Days or years later, a summer’s morning. “He sees the haymakers at work, and amid them angelic figures walking.” Like a blind man half-cured, his eyes smeared with a muddy paste of dirt and spit from the mouth of God, peering through a film of spirit and slime. “I see men as trees, walking”—slender clouded silhouettes in procession, dimly perceived. A murky vision of pale fire.
The stately figures Blake would etch and print as a man were of this quality: gauzy yet muscular, brooding gods and reaching souls pressed into copper and ink. Dry pigment crushed and daubed onto metal like dry dust brushed onto darkened eyes, shading in the contours of the hitherto unseen. Bone black, yellow ochre, Prussian blue. The marrow of the earth formed into letters and shapes. Eternity in outline.

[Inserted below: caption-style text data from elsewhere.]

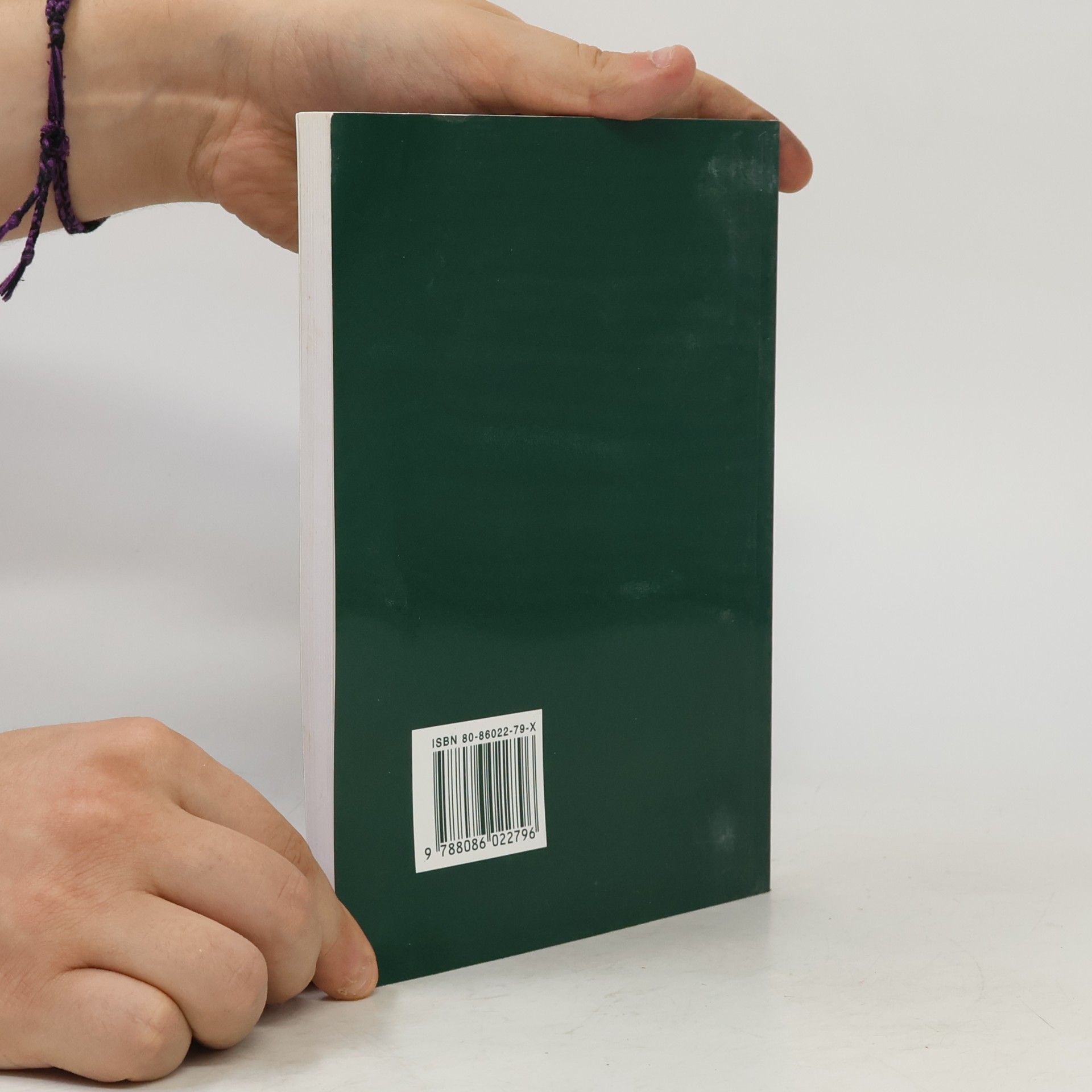 Chrudoš Vorlíček Úvod do pedagogiky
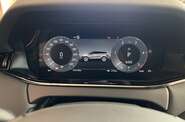 Land Rover Range Rover Evoque R-Dynamic SE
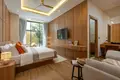 5 bedroom apartment 503 m² Chalong, Thailand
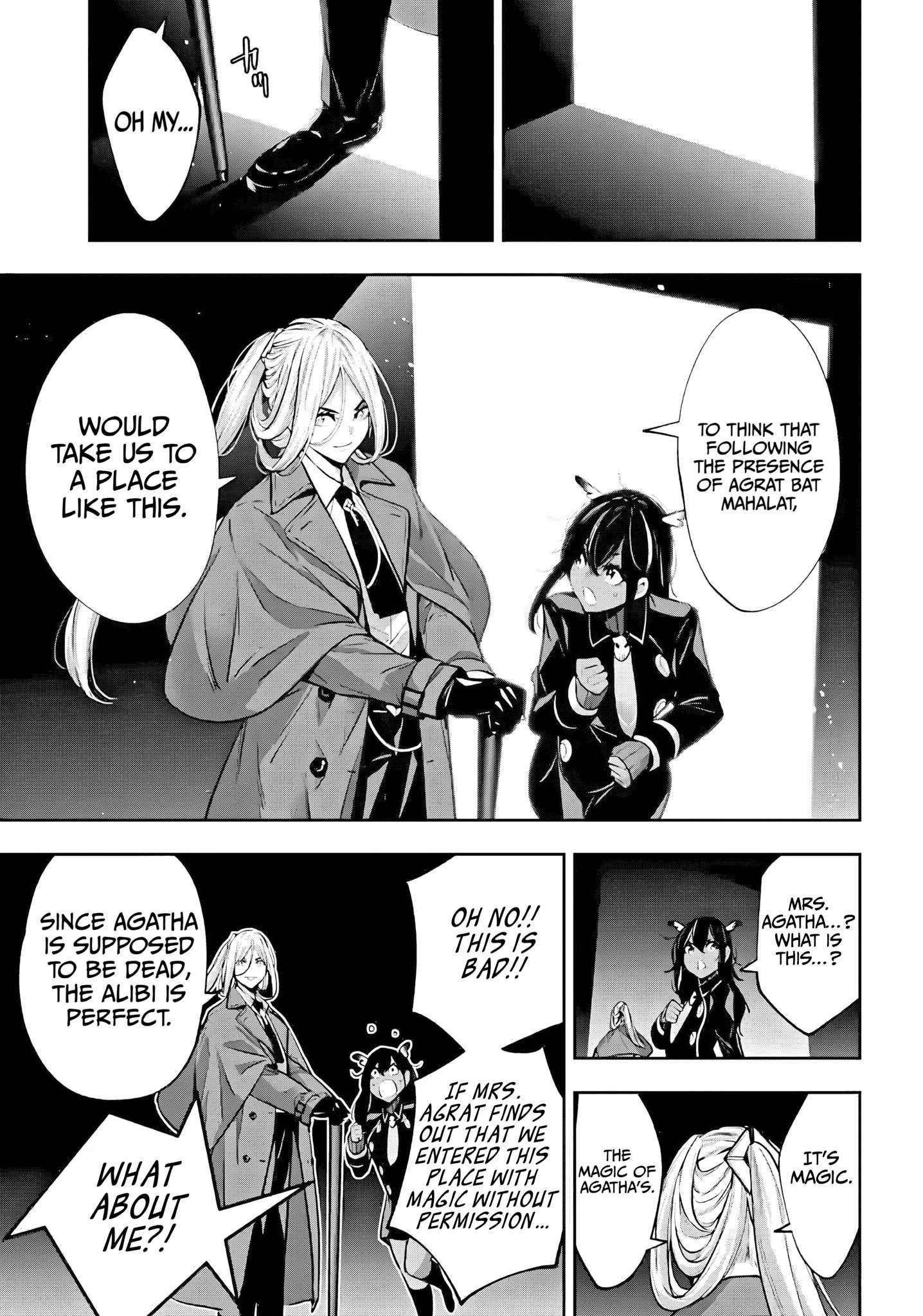 Page 11 of Chapter 50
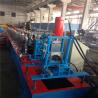 Buy cheap High Speed Rack Roll Forming Machine Worm Gear Box Transmission from wholesalers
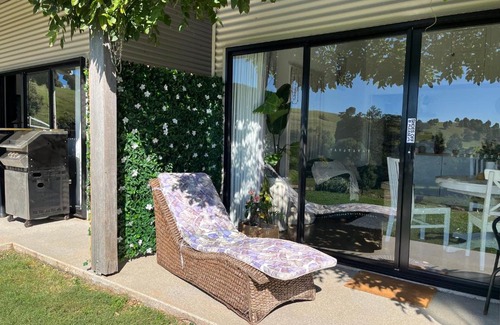 Beechmont House | Mankato
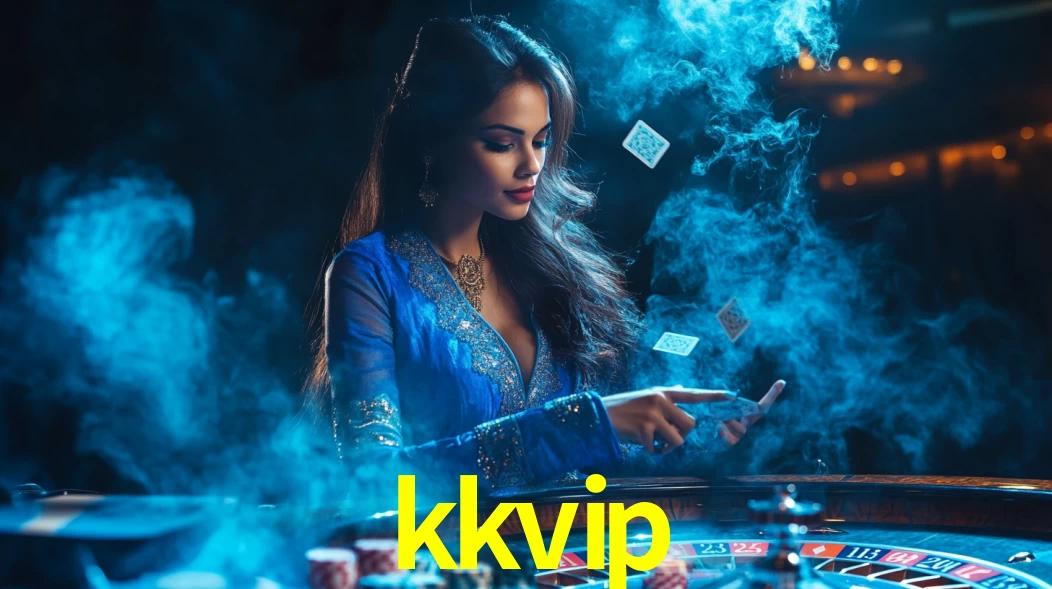 Estatísticas Esportivas kkvip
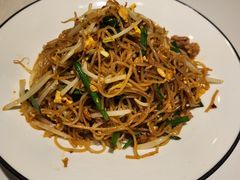 -攸州小镇家湘菜(小米科技园店)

No one could blame his father for swearing indignantly that he had seen only sunlight in the trees, glittering through the leaves. But if powder and metal could be vehicles of flickering bodiless thought, if the soul came sheathed in the fluids of the eye and brain, if mud and spit could make blind eyes see, then light in the trees could herald the fluttering of bright wings.
The Atoms of Democritus
And Newton’s Particles of Light
Are sands upon the Red Sea shore,
Where Israel’s tents do shine so bright.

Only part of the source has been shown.